I've long known that there must be a good movie hiding within the mess that is The Hobbit trilogy. The Maple Films edit takes some excellent steps toward pulling that good movie out of the muck. It's an improvement, to be sure. But for me, it ultimately fell short.
In an effort to save time, the Maple Films team ended up cutting out a lot of moments and scenes that I believe were necessary for narrative cohesion. Most notable, the Battle of Azanulbizar, which establishes Thorin's history with Azog. For better or worse, Azog is the major antagonist of the trilogy, and in order to give the final fight some emotional weight the history of the two characters is essential. Without it, he's just a random orc that is, for unknown reasons, an old enemy of Thorin and their conflict falls flat for the viewer.

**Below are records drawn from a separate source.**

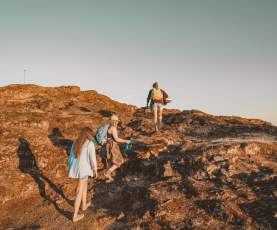 Three women and a dog hike to the top of sugarloaf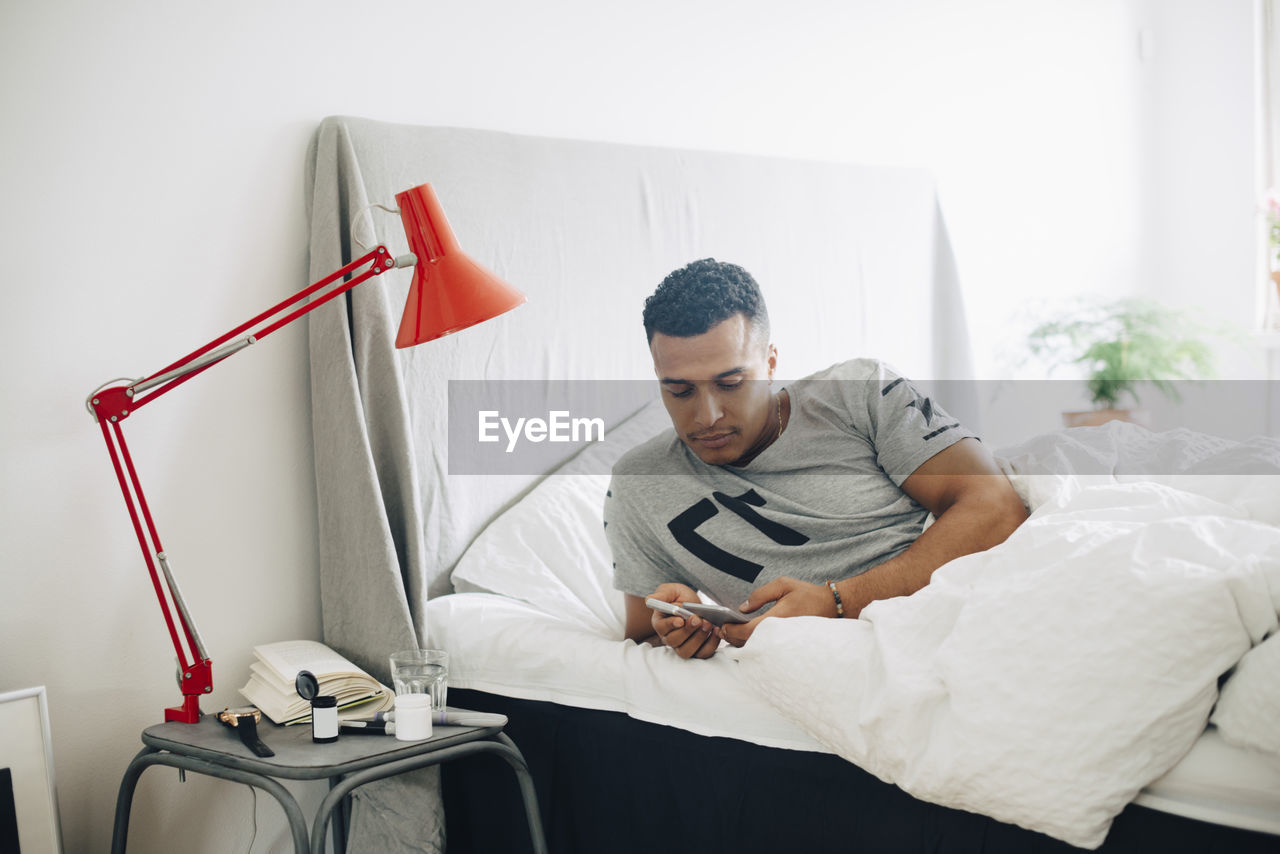 Mid adult man holding glaucometer and mobile phone while lying on bed by side table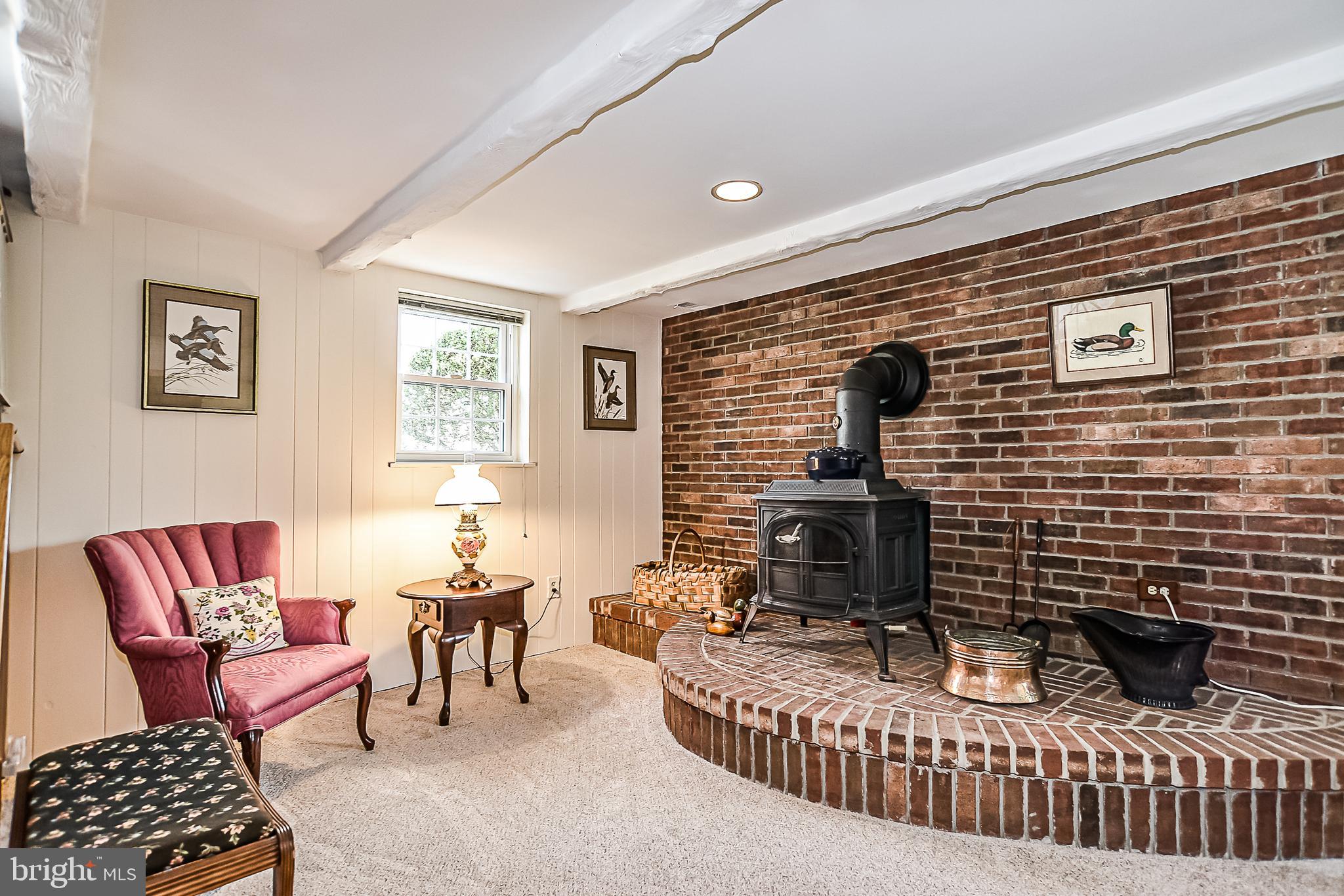 8605 Briarcroft Lane Laurel, MD 20708 - Photo 21 of 38 Cozy up to the wood stove on chilly nights.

-In an attempt to achieve visual consistency with The Lord of the Rings, they went overboard with the color grading. The desaturation throughout the film is far too extreme.
-A good effort at fixing Smaug the Golden, but he still appears wet while exiting Erebor. I acknowledge that this is one of the two most difficult challenges that fan editors of The Hobbit face. The other great challenge is...
-...the transition between An Unexpected Journey and The Desolation of Smaug. This cut leaves a lot to be desired. The voiceover was a creative solution, but in my opinion the flight of the eagles was cut far too short and the whole thing feels off.
-I loved the way this cut handled the deaths of Kili and Fili. I think the cut could have used a bit of polish, but the idea was fantastic.
My biggest thought after watching this edit was, "I thought this was supposed to be JRR Tolkein's The Hobbit?" I don't really feel that it's fair to title this edit in such a way when it's nowhere near a book cut. I still had to watch the Elven/Goblin fight during the barrel sequence, the dwarves still ran around with Smaug inside the mountain, Bard still shot the arrow off of his son's shoulder, and we watched the whole finale unfold between Thorin and Azog. It'd be one thing if there were just no good way to cut these things out, but they have all been skillfully taken care of in various other edits. This is absolutely a better film than the theatrical trilogy, but it falls short as a book cut, which is what I expected given the title.
Finally, I thought it was odd the massive amount of effort that went into all of the formats and subtitles available for this edit, yet they lazily copied and pasted the credits from The Battle of the Five Armies? Not only are there names of actors and characters who never appear in the film, there are drawings of them! I've heard time and again that the goal with fanedits is for them to feel like theatrical releases. When the end credits started rolling and a bunch of faces popped up that weren't in the film, it definitely screamed fanedit to me.
I apologize for the harsh review, but I have to disagree with the general consensus here--they put a lot of effort into this one, to be sure, but it fell short in a lot of ways for me, unfortunately.